Posted on: Dec 11th, 2011 By:

By Tiffany Jewell
Contributing Writer

Splatter Cinema Presents THE SHINING (1980); Dir: Stanley Kubrick; Based on the novel by Stephen King; Starring Jack Nicholson, Shelley Duvall, Danny Lloyd; Tues. Dec. 13 9:30 PM and encore Sat. Dec. 17, 9:30 p.m.; Plaza Theatre; Trailer here.

THE SHINING (1980) may be one of the most loved, hated, debated, torn-to-pieces-and-built-right-back-up-again movies around. Love it or not, everyone seems to have something to say about it. Love Stephen King but think Stanley Kubrick murdered the novel? Do you think that King did a mediocre job and Kubrick brought it to life? Or are you one of those who thinks they’re both revolutionaries and are together responsible for making a true classic? No matter your position, everyone has one. That’s what makes this film so bloody brilliant.

I fell in love with this film because of how dynamic it is. It is one of the few films that has thorough character development; you are able to see them grow, shift, change and become devoured by something dark and over powering. The visual imagery is absolutely stunning. Every time I sit down to re-watch it and see them taking their first tour of the hotel, I think, “Oh, that’s the staircase Jack goes ballistic on, that’s the hallway where Danny finds room 237, those elevators are going to flood that room with blood, that freezer is good for a whole lot more than 36 chickens, those hedges aren’t as cute as they look…” and THAT is what qualifies a film to be iconic.

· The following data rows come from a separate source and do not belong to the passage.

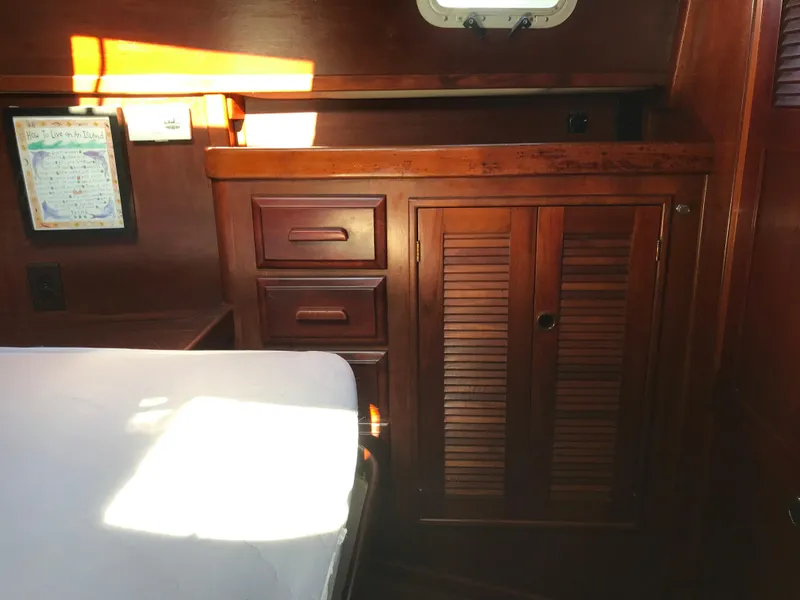 Slide: The Image of Wooden interior of 1990 Endeavour 38 CC sailboat with cabinets and drawers. - 8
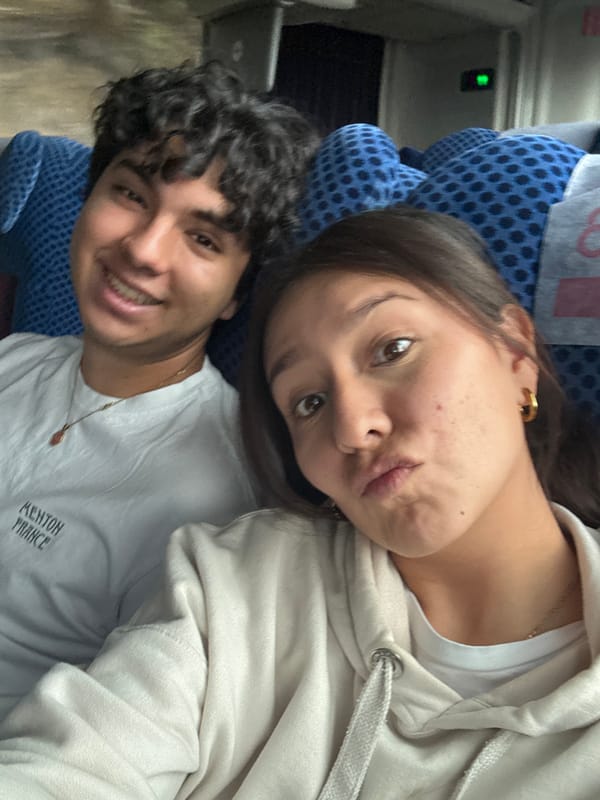 Couple takes playful selfie on public transport in Oaxaca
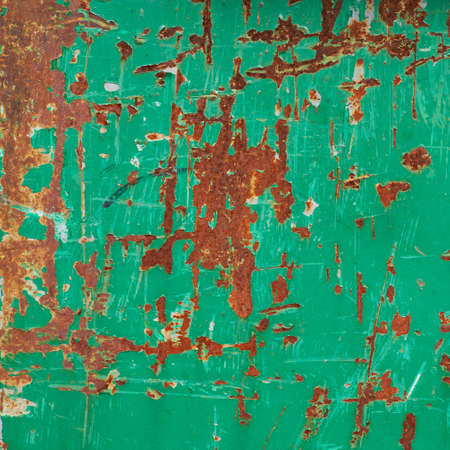 Painted green rusty metal surface composition as a background textureの写真素材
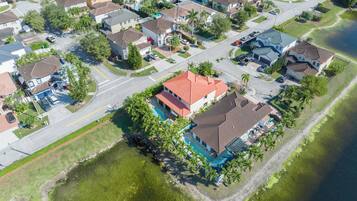 A residential area with houses, a swimming pool, and a body of water.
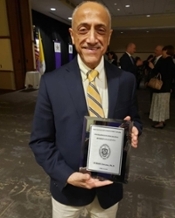 Dr. Zanzana holding his award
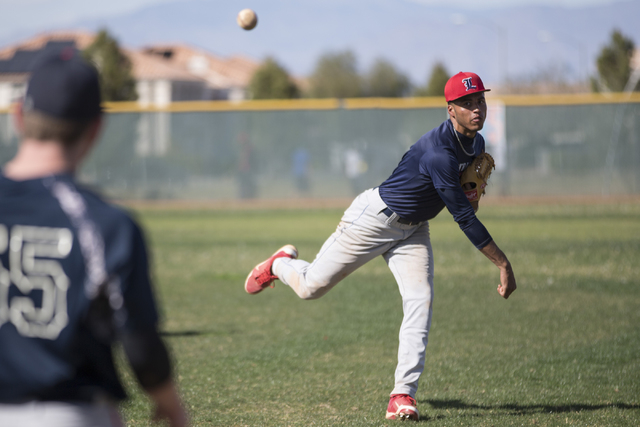 Liberty’s senior Ed O’Bannon throws the ball during a team practice at Liberty H ...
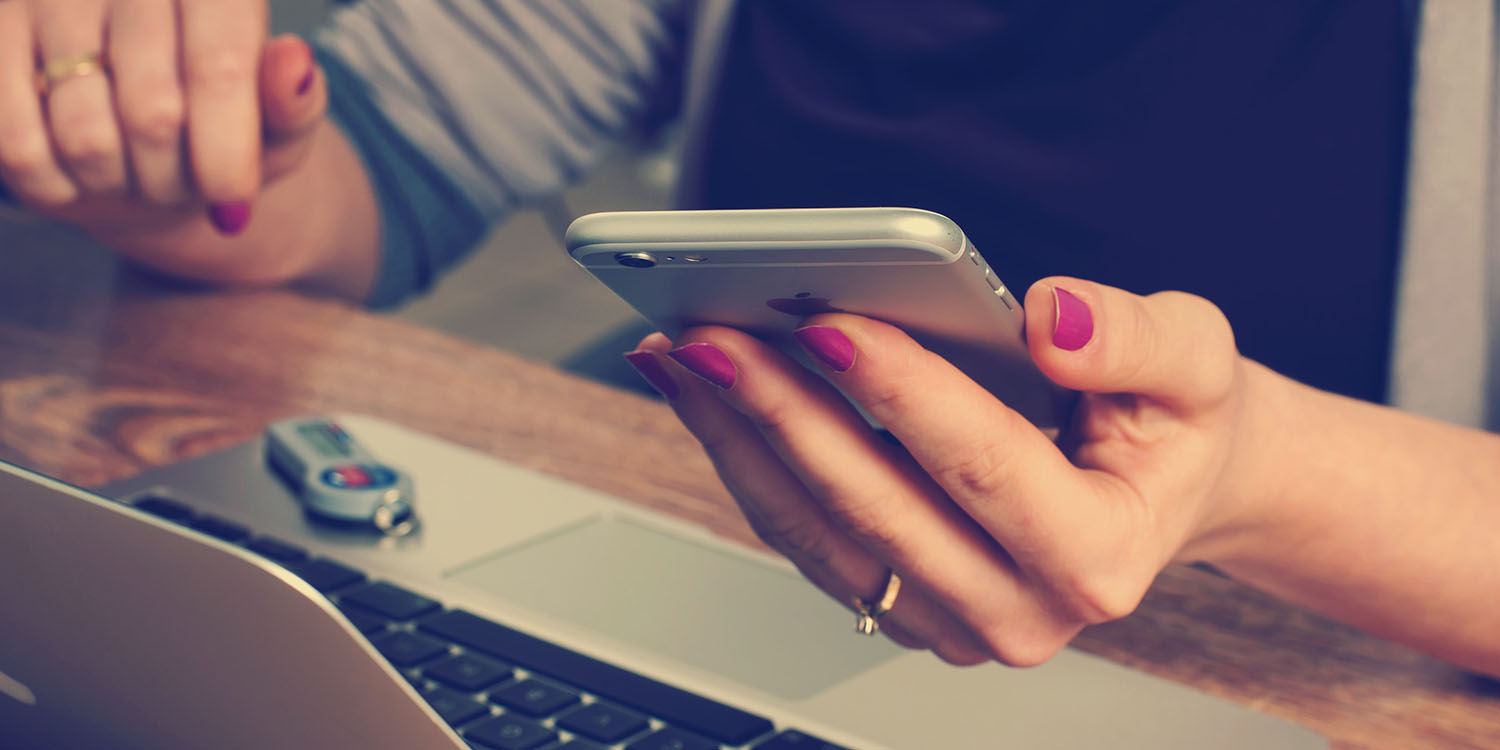 Period tracking apps | Cycle tracking apps | Close-up of a woman's hand, holding an iPhone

That alone is what makes a memorable, note-worthy, beautifully filmed piece. THE SHINING also brings something to the table that everyone can fear. Whether it’s the supernatural, creepy children, people losing their minds and wanting to destroy those they once held dear, being severely afraid of isolation, claustrophobia, or your classic go-to slasher chase, it’s got it all, in one little two-and-half-hour long package.

Lisa and Louise Burns play enigmatic ghost twins in THE SHINING (1980). Photo credit; Warner Bros Pictures.

The reason I hold this film to be a classic is because of how absolutely timeless it is. It’s still frightening. It is still able to get people to buy into the psychological terror both King & Kubrick were trying to achieve. As a writer, director, producer, actor or otherwise, your job is to create something your audience is able to find themselves lost in. If you succeed, that’s outstanding and you have a whole lot to be proud of. If you succeed, and people are able to feel the same way 21 years later, you’re a genius and you deserve your work to be forever considered a classic.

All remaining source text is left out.